## INFORMATION PROVIDED
-- Opening Marker --
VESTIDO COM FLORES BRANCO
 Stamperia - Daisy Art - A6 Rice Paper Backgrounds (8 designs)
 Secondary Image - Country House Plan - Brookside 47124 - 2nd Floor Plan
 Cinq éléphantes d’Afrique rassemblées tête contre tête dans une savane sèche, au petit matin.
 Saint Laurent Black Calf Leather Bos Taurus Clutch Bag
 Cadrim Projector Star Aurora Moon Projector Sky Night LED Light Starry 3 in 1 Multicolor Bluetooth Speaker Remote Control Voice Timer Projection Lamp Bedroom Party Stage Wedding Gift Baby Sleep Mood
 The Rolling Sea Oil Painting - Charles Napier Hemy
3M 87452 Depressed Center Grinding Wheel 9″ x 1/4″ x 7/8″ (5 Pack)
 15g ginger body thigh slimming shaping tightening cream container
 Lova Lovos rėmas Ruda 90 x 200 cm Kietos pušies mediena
-- Closing Marker --
## AIM OF THE EXERCISE
Would you transcribe every entry exactly?

## RESULT OF THE EXERCISE
VESTIDO COM FLORES BRANCO
 Stamperia - Daisy Art - A6 Rice Paper Backgrounds (8 designs)
 Secondary Image - Country House Plan - Brookside 47124 - 2nd Floor Plan
 Cinq éléphantes d’Afrique rassemblées tête contre tête dans une savane sèche, au petit matin.
 Saint Laurent Black Calf Leather Bos Taurus Clutch Bag
 Cadrim Projector Star Aurora Moon Projector Sky Night LED Light Starry 3 in 1 Multicolor Bluetooth Speaker Remote Control Voice Timer Projection Lamp Bedroom Party Stage Wedding Gift Baby Sleep Mood
 The Rolling Sea Oil Painting - Charles Napier Hemy
3M 87452 Depressed Center Grinding Wheel 9″ x 1/4″ x 7/8″ (5 Pack)
 15g ginger body thigh slimming shaping tightening cream container
 Lova Lovos rėmas Ruda 90 x 200 cm Kietos pušies mediena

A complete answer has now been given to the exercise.